The notes from the meeting yesterday are below. Thanks to everyone
participating.
We discussed and found Monday mornings as a better fit for meeting, thus
the next meeting is on Nov 25th 10:00 - 12:00 CET. Please add your
agenda items to https://pad.data.coop/To6IOSeNSOK9kFVlgo7XWw?both#
Best,
Hannes
- Topic: (Hannes, Pierre) cstruct and performance (see e.g.
https://github.com/mirage/mirage-net/pull/25)
- Participants: Pierre, Sam, Hannes, Anh
### Minutes
- Anh is a PhD student (advised by others & Pierre) who works on
opportunistic firewalling - using MirageOS as a firewall
- Also wants to work on an IDS in MirageOS, similar to suricata
- Pierre is an associate professor at University of Rennes, MirageOS
core team
- mainly works on the qubes-mirage-firewall
- joined MirageOS since he uses QubesOS on his main laptop
- Hannes is working full-time on MirageOS
- Works in Robur Coop with other peoples
- Push MirageOS into production
- Works on various applications for MirageOS (VPN, dnsmasq, ...)
- Has done some performance investigations, and would like to improve
the performance of MirageOS to convince more people to use it
- Sam works at Tarides since ~2 years
- since last year works on MirageOS
- mainly to get MirageOS working on OCaml 5
- also to get MirageOS working on unikraft (replacing solo5)
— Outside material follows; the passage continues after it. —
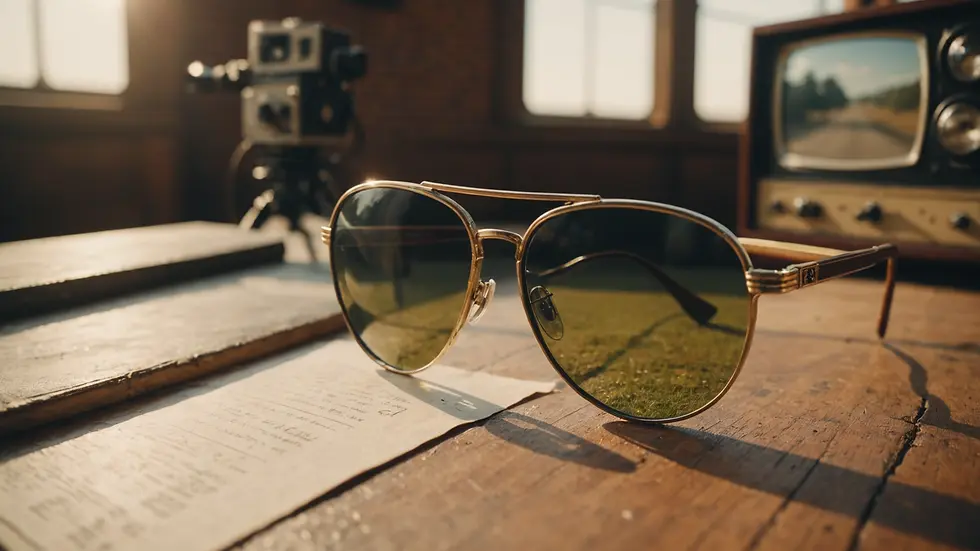 Eye-level view of a vintage film set with sunglasses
- since solo5 lacks a bit maintenance, also performance (unikraft has
batch IO), maybe some day also multicore
- Cstruct & performances
- Cstruct are important for some backends (Xen) where non moving
memory areas are shared amoing domains
- Cstruct are heavy to allocate (using dlmalloc, is expensive), and
this is against the GC (only the finalizer is used for free)
- Some work in (e.g. mirage-crypto) has shown performance improvments
(2.5x - 3x) during the Cstruct->{string, bytes} swap
- Sam: for some operations we would need to copy
- Sam: for a packet receive / send ring, we need non-moving memory as
well
- Pierre: in the qubes-mirage-firewall we do a lot of copies anyways,
e.g. NAT
- Pierre: it is "probably"(TM) not too painful to move from Cstruct.t
to bytes
- Pierre: a big issue is the finalizer, it is unclear when it is
called, and the memory is fragmented a lot
- Hannes: API-wise, mirage-net receive function takes a callback
(Cstruct.t -> unit) Lwt.t, where the mirage-net allocated a buffer and
passes it to the callback
- Hannes: and the send function gets a `size` hint, and allocates a
buffer to be filled
- Hannes: what about ownership? Should the mirage-net receive, once
the callback has finished, reclaim ownership and reuse the piece of memory?
- Pierre: maybe an opaque type is the path to go?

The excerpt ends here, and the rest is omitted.